__ASSIGNMENT__:
When the line with "70gsm Heat-Sensitive Coating" appears below, start repeating lines exactly, and keep going through the line with "كيلو عسل طلح"; add nothing outside that span.

__EXTRACTED DATA__:
============
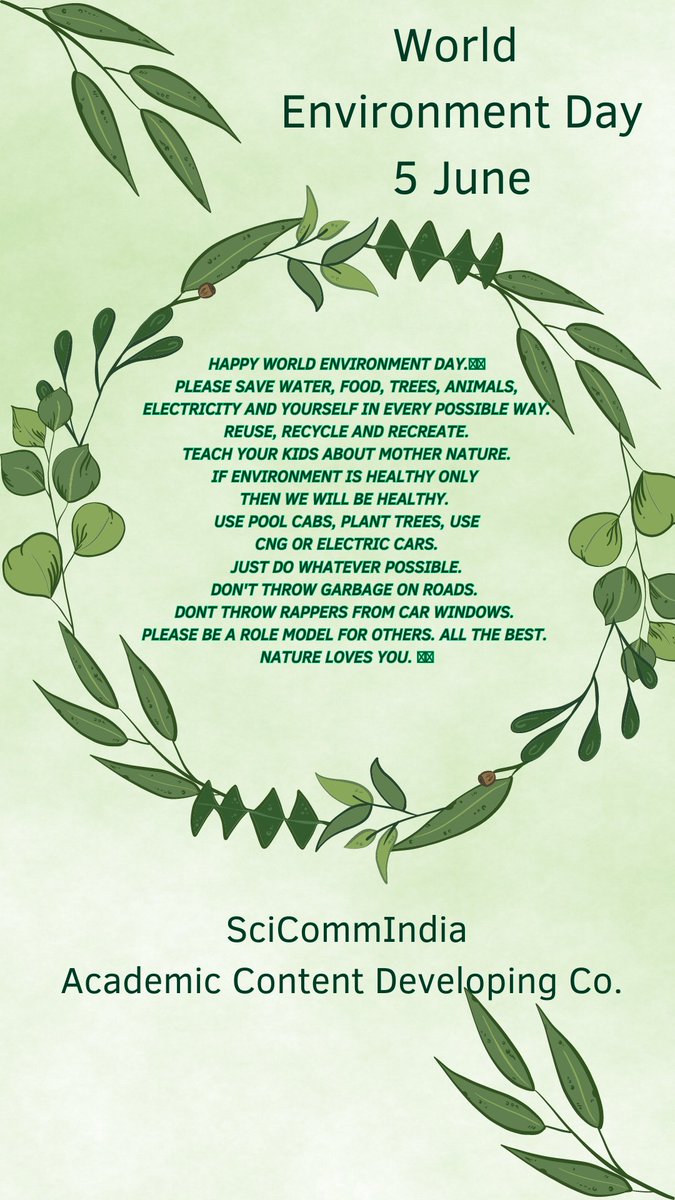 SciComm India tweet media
============
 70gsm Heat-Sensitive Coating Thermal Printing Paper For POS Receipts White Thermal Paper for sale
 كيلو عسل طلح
============
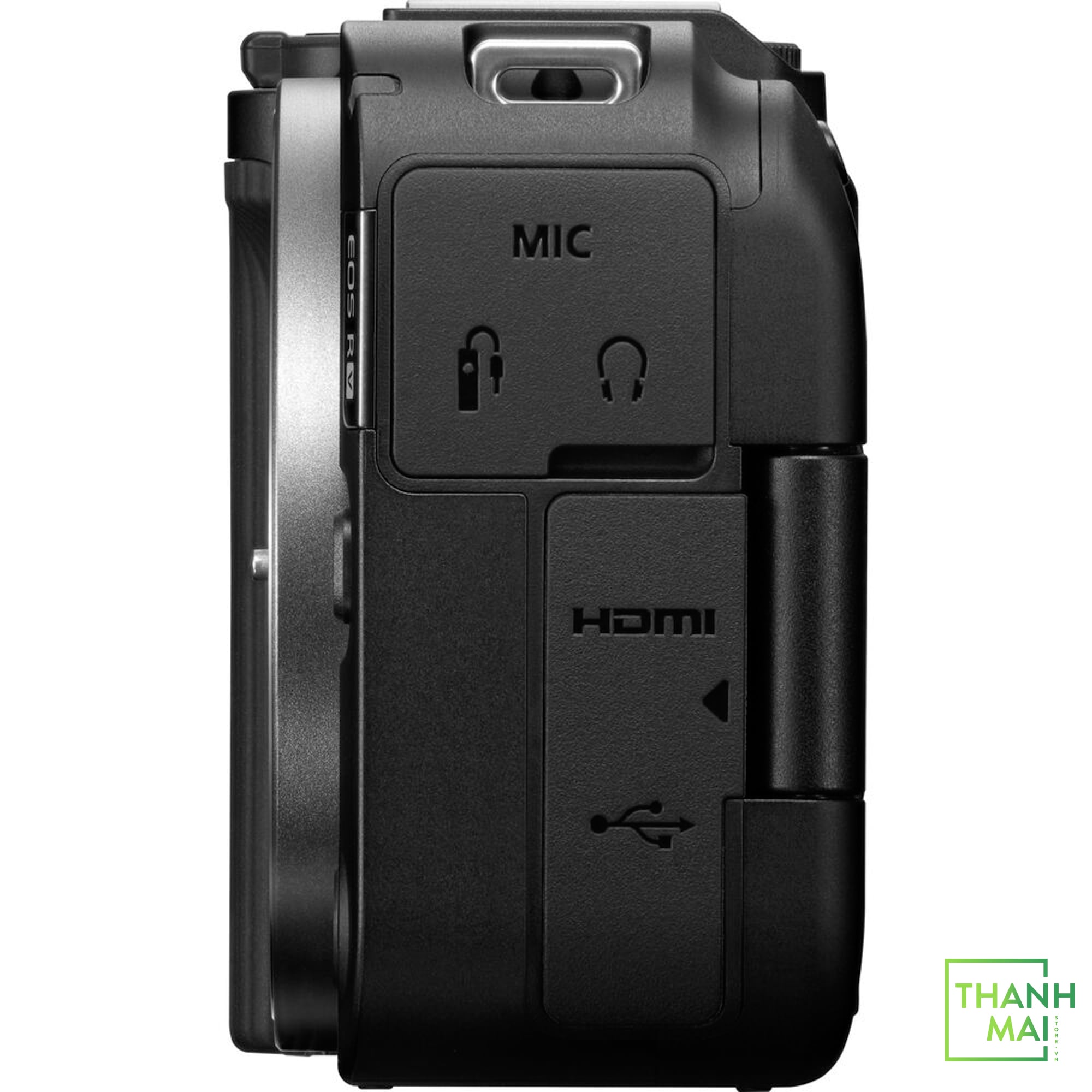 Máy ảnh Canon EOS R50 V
============
__ANSWER SPACE__:
 70gsm Heat-Sensitive Coating Thermal Printing Paper For POS Receipts White Thermal Paper for sale
 كيلو عسل طلح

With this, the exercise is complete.